Figure 7 shows the spatial distribution pattern of the annual average cold temperature extreme indices during 1961–2018. The annual average TN10p clarifies the warming trend of the entire CRC except for five stations that showed a cooling trend. However, the trends in the southwest of TPC (3) and NEC (2) were insignificant (Figure 7A; Table 4). The warming trend of 184 stations was obvious at the level of 1%. Most of the stations located in TPC had a larger warming trend than that of the other stations (Figure 7A), while the stations with a smaller warming trend were mainly located in NWC. Similarly, almost all the locations of the CRC had a warming trend in the annual mean TX10p (Figure 7B), which is slightly larger than the warming rate of TN10p. Most of the stations located in TPC showed the most obvious warming trend, while many of the stations located in NEC and TPC had relatively weak trends. For the annual average TXn (Figure 7C), an increasing trend was observed in most regions, but there were only a few sites with a significant increasing trend. These stations are mainly located in the eastern part of TPC (Figure 7C; Table 4), and even nine stations showed a downward trend (Table 4). For the annual average TNn (Figure 7D), a significant increasing trend was observed in most regions, especially in the stations in the western parts of the three subregions and the stations in the eastern parts of TPC and NEC.

FIGURE 7

FIGURE 7. Same as in Figure 3 but for the temperature extreme indices of cold indices (TN10p, TX10p, TXn, and TNn).
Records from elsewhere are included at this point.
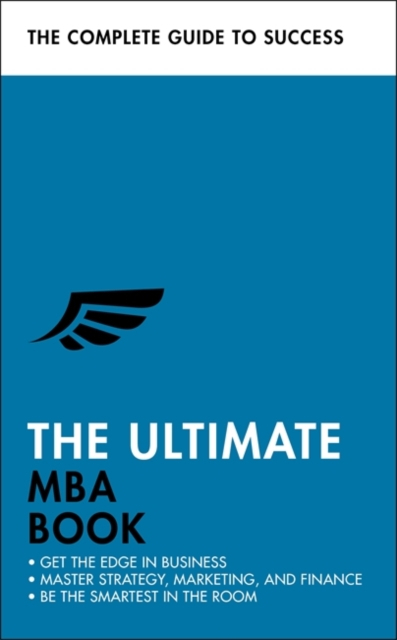 Ultimate Mba Book - Alan Finn & Stephen Berry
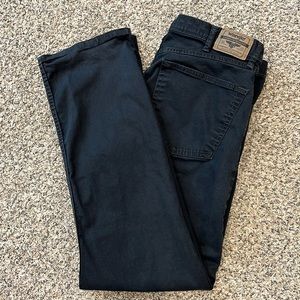 Wrangler Straight Fit Jeans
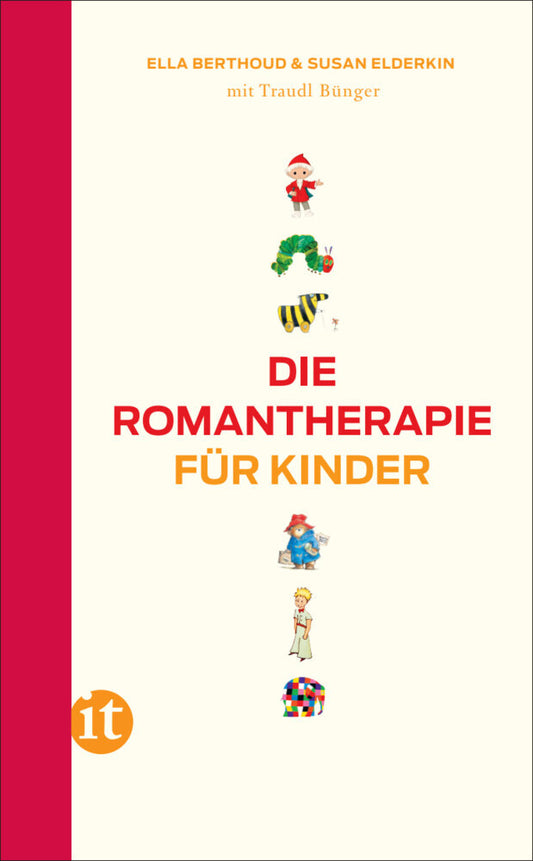 Die Romantherapie für Kinder (Ella Berthoud)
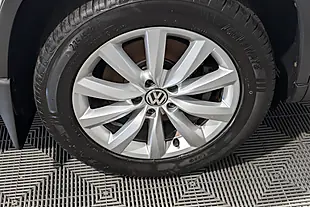 Used 2015 Volkswagen Tiguan Bluemotion Tech Match White - Interior and Exterior details 10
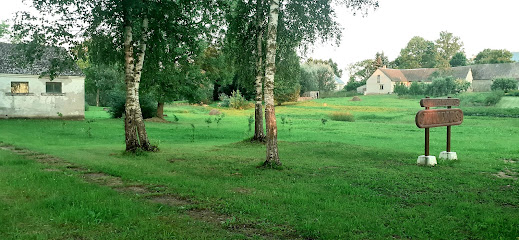 KRINČINO PAVERSMIŲ PARKAS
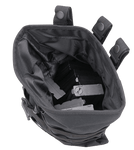 Magazine dump pouch - Schwarz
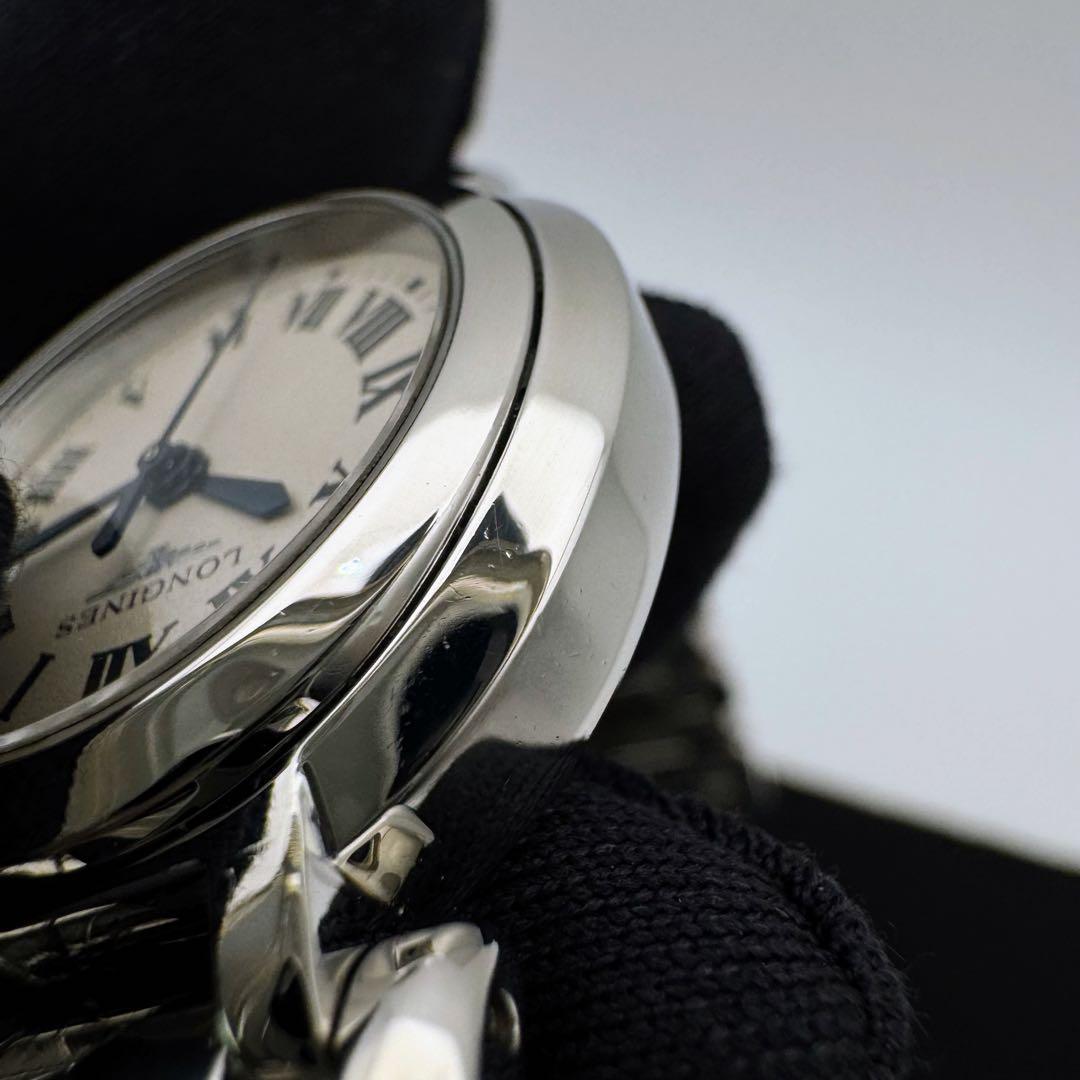 LONGINES ロンジン プリマルナ デイト レディース L8.110.4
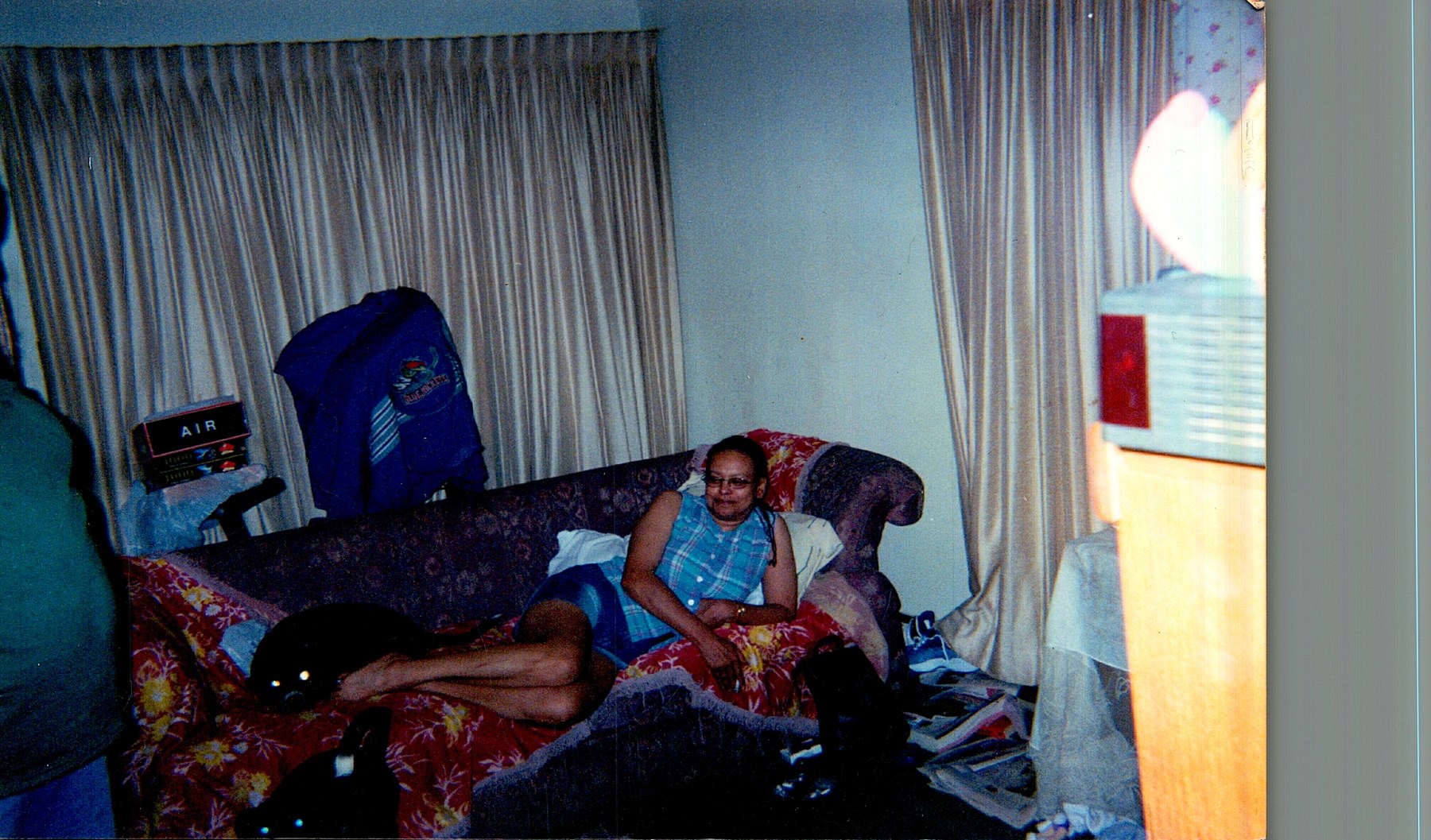 Obituary of Evelyn Joyce Anthony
3.4 Possible linkage between the large-scale circulation patterns and the changes in temperature extremes

WTC and Pearson’s correlation analysis were used to comprehensively examine the correlation results between the temperature extreme indices and the large-scale climate circulations (Figures 8–10, Supplementary Figures S1–S5). Some differences were found between the results of WTC and Pearson’s correlation coefficient analysis. One possible reason for this is that Pearson’s correlation coefficient analysis is linear, while WTC is nonlinear. Both indicated that the temperature extremes in CRC are controlled by different circulation patterns. To simplify and limit the length of this paper, only the WTC results for the large-scale climate indices with the strongest correlations with the temperature extreme indices by Pearson’s correlation coefficient analysis were exhibited. The other results are included in the Supplementary Material.

FIGURE 8

FIGURE 8. Wavelet transform coherence for AMO and the temperature extremes (The color is closer to yellow, and the relationship is stronger; The color is closer to blue, and the relationship is weaker; The thin black line is the boundary of the cone of influence (COI), which is the effective spectral value area; The thick black line is the 95% confidence interval of the significance level α=0.05; The arrow indicates a phase difference; → indicates that the change phases of the two time series are consistent, and ← indicates that the change phases of the two time series are opposite, that is, the in-phase (positive) points to right, and antiphase (negative) points to left.).

Figure 8 and Supplementary Figure S3 show the WTC results for AMO and the time series of the temperature extreme indices. For NWC, AMO had a significant in-phase relationship (positive) with TXm, TX90p, and TX10p, which primarily concentrated in the 6–10-year band from 1961 to 2018 and in the 16-year band but outside the cone of influence (COI) over the past 58 years [Supplementary Figure S3(a1, a3, a6)]. In theory (Jevrejeva et al., 2003), the wavelet power outside the COI did not pass the Monte Carlo test, indicating that these coherences may not be reliable (Grinsted et al., 2004). Nevertheless, the significant regions in the large-scale circulation patterns are so extensive and consistent that it is unlikely to be an accident (Grinsted et al., 2004), which possibly indicates a ∼16-year periodicity since the 1960s in the phase relationship between TXm, TX90p and TX10p, and AMO. This can be confirmed by existing research results indicating a close correlation between AMO and East Asian temperature on an interdecadal scale (Sun et al., 2012; Li Q. et al., 2015). In addition, a strong coherence between AMO and TNm, TN90p, and TN10p occurred at the 6–10-year scale spanning (1970s–2010s) and the 3–5-year scale spanning (1980s–2000s) [Figure 8(a1–a3)]. Furthermore, sporadic apparent coherences between AMO and the other temperature extreme indices were observed, primarily distributed in the 1–9-year bands and spanning 1970s–2000s [Supplementary Figure S3(a2, a4–a5, a7–a8)].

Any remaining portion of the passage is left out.